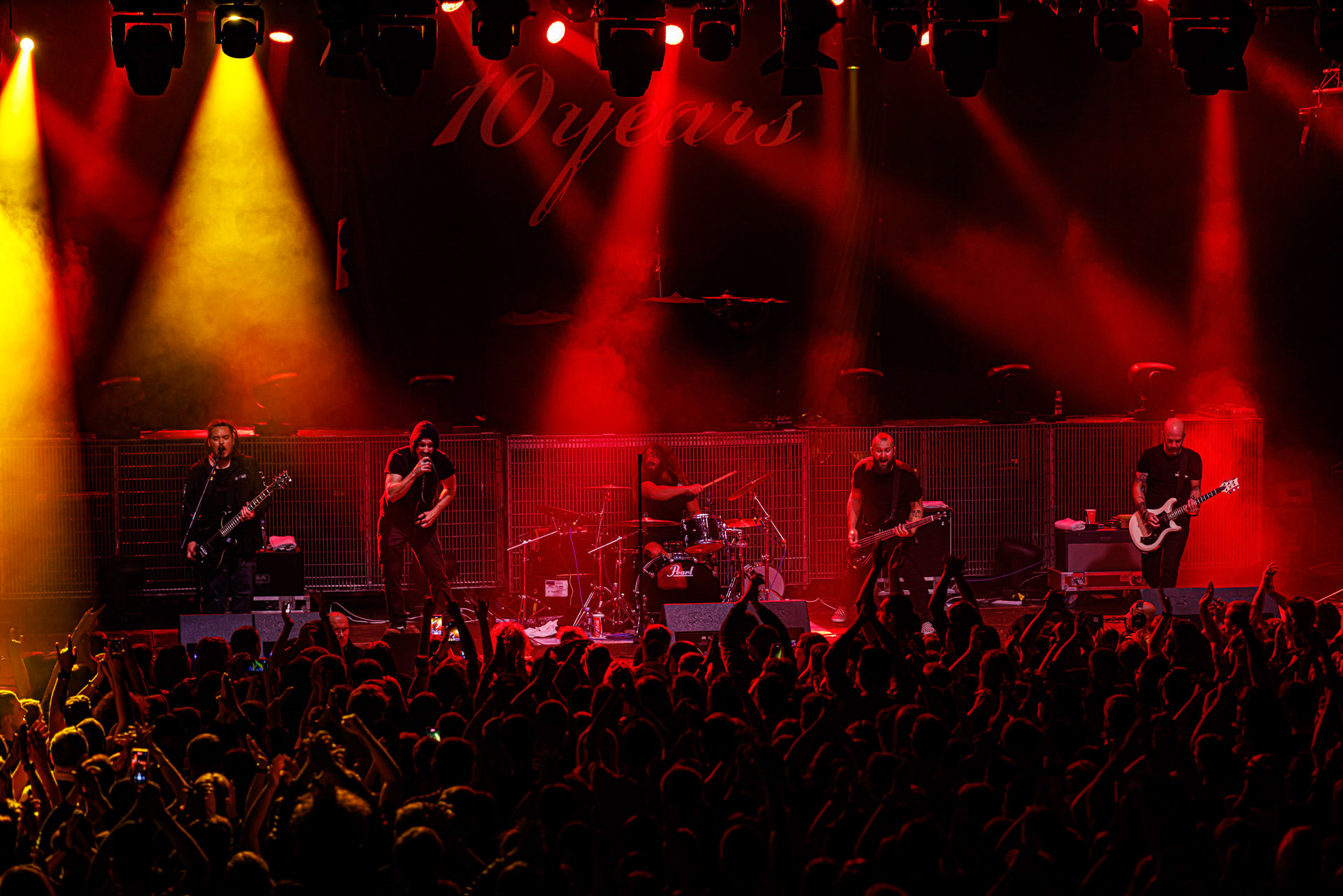 7.10.2022 - 10 Years – amerykanie z Knoxville w Tennessee, grajacy na  pogranicza metalu alternatywnego, hard rocka, post grunge. Jesse Hasek – wokal,Ryan „Tater” Johnson – gitara,Matt Wantland – gitara,Lewis Big Lew Cosby – basista,Brian Vodinh – perkusja,Produkcja Knock Out Productions, Fot. Andrzej Wasilkiewicz/Reporter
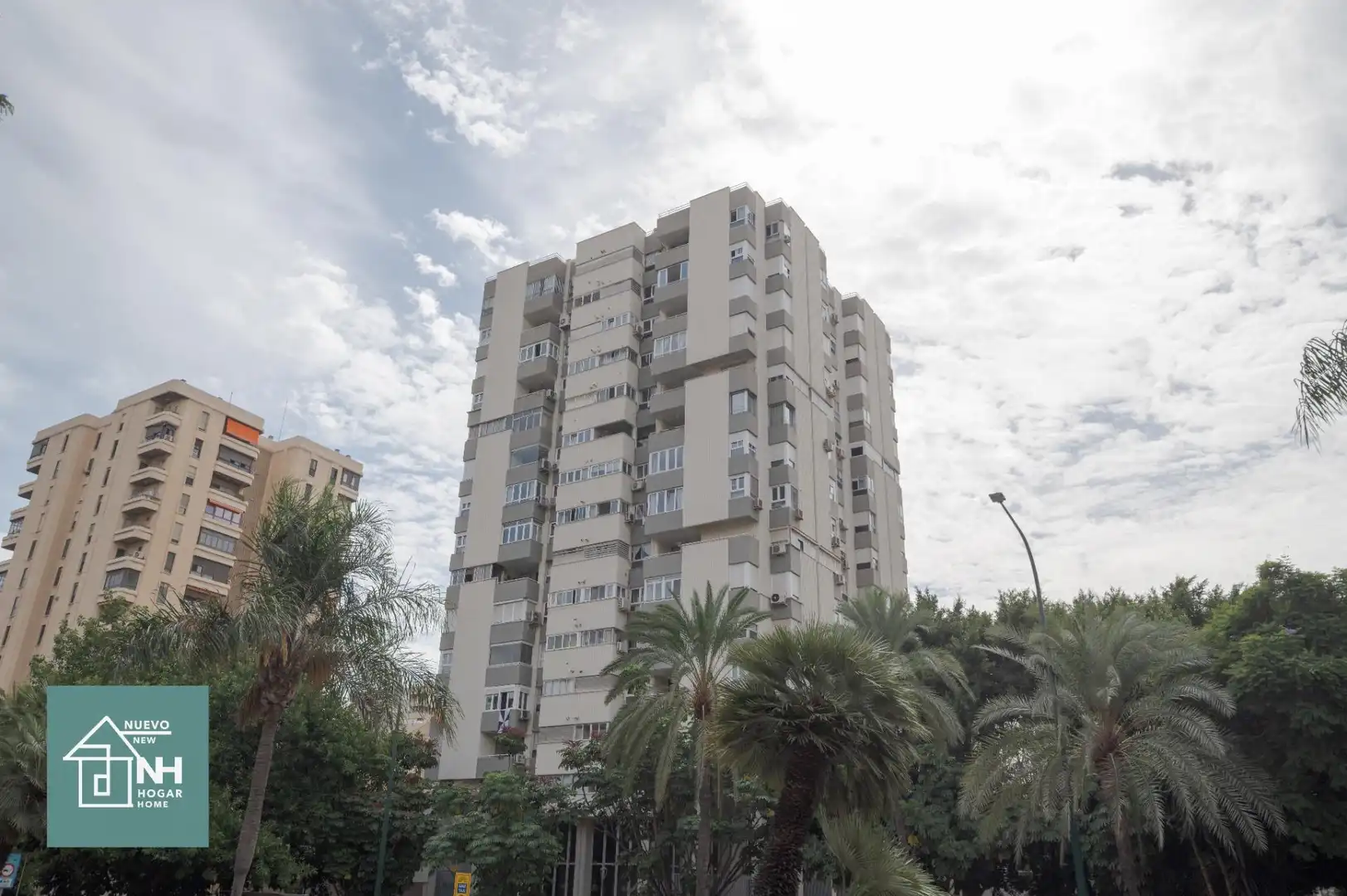 Vista exterior de Pis en venda en Málaga amb Aire condicionat i Balcó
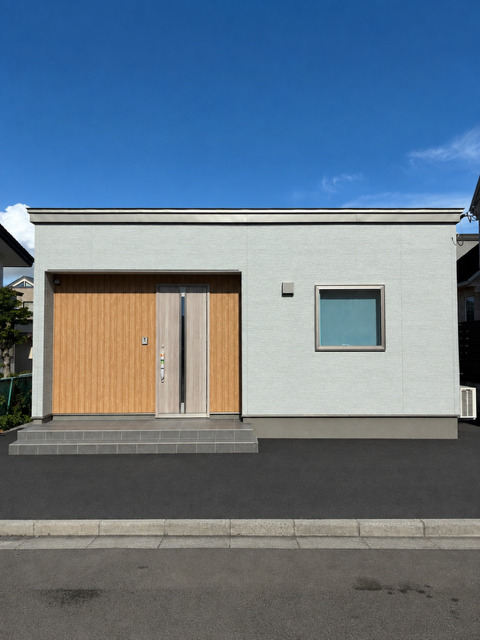 「函館にもうひとつの我が家」23.5坪2LDK 大きな小上りのある平屋。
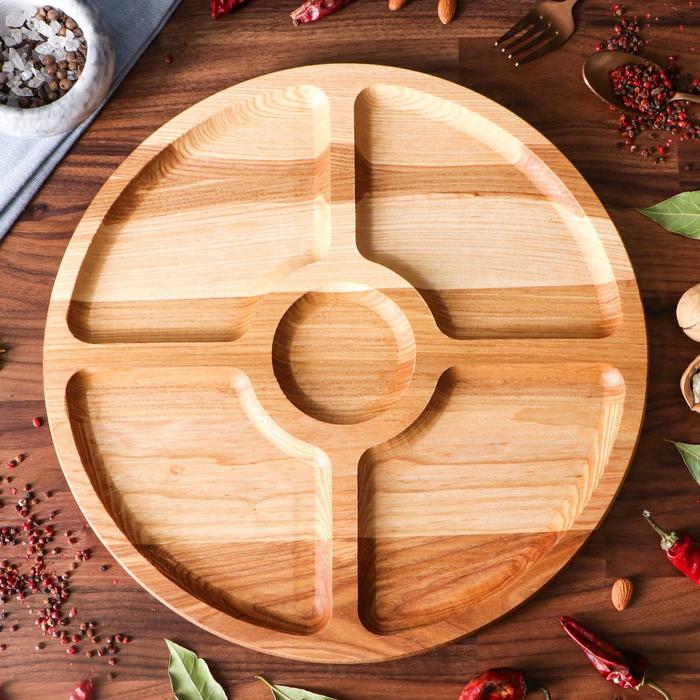 Менажница деревянная "Круглая", с разделочной доской, d-35 см, массив ясеня
Менажница деревянная "Круглая", с разделочной доской, d-35 см, массив ясеня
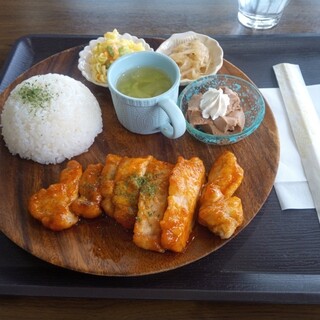 カフェアンジュリエ_0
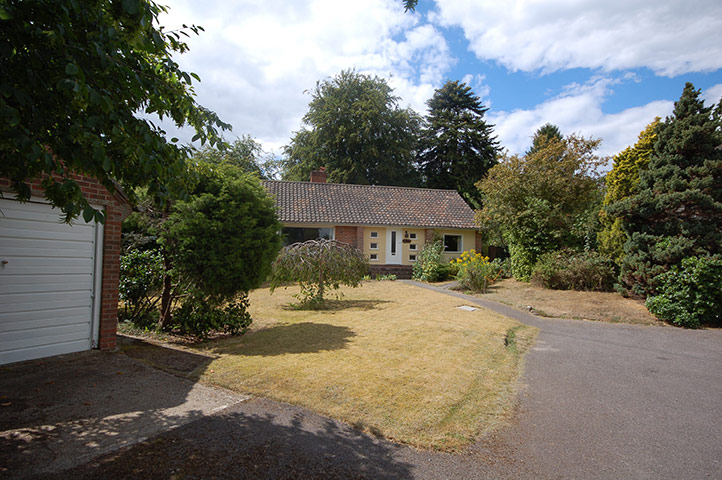 Snooping around 04092010: Snooping around in Midhurst, West Sussex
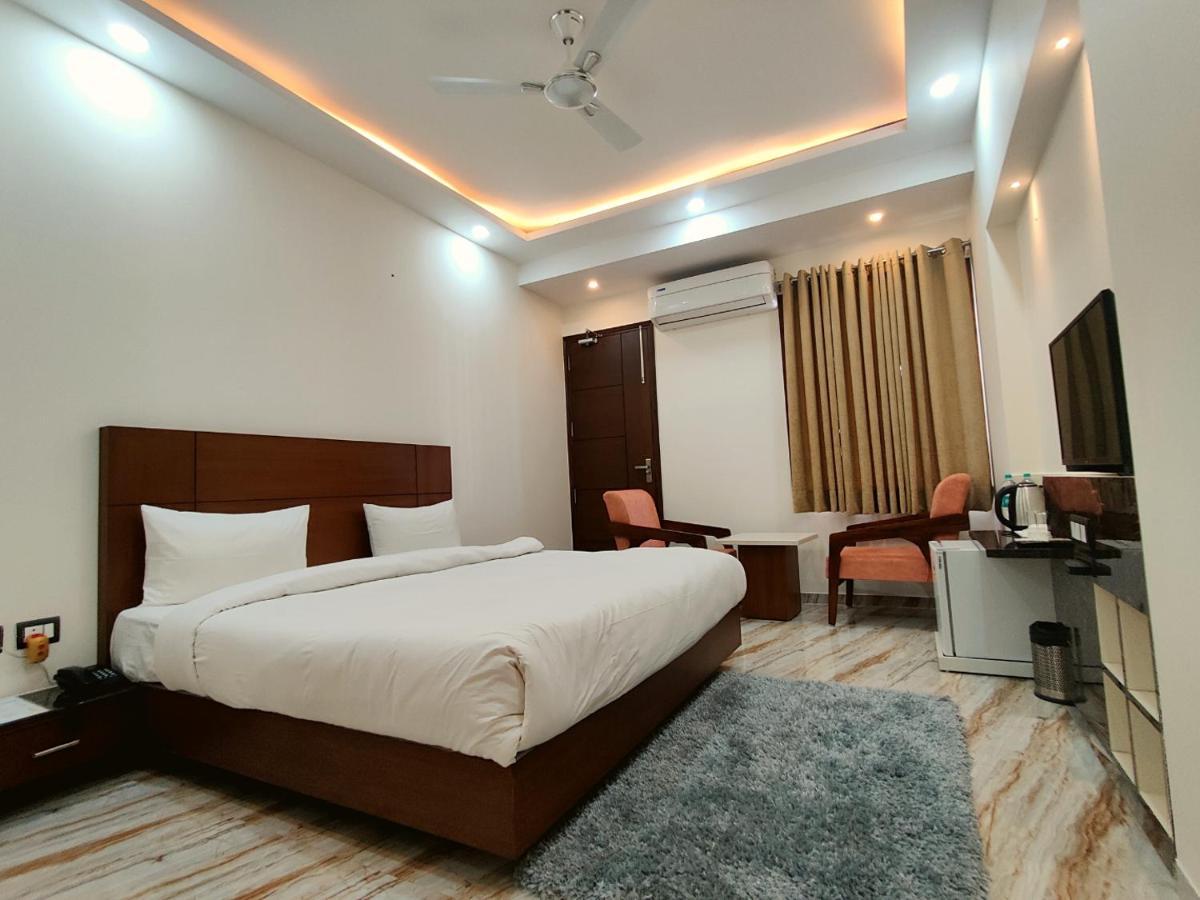 The Shacon Hotel Noida Exterior photo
++++++++
• Task to complete:
Locate the line containing "Snooping around 04092010: Snooping" in the records above, then output it and every line after it through the last, excluding pictures.

• Solved exercise:
 Snooping around 04092010: Snooping around in Midhurst, West Sussex
 The Shacon Hotel Noida Exterior photo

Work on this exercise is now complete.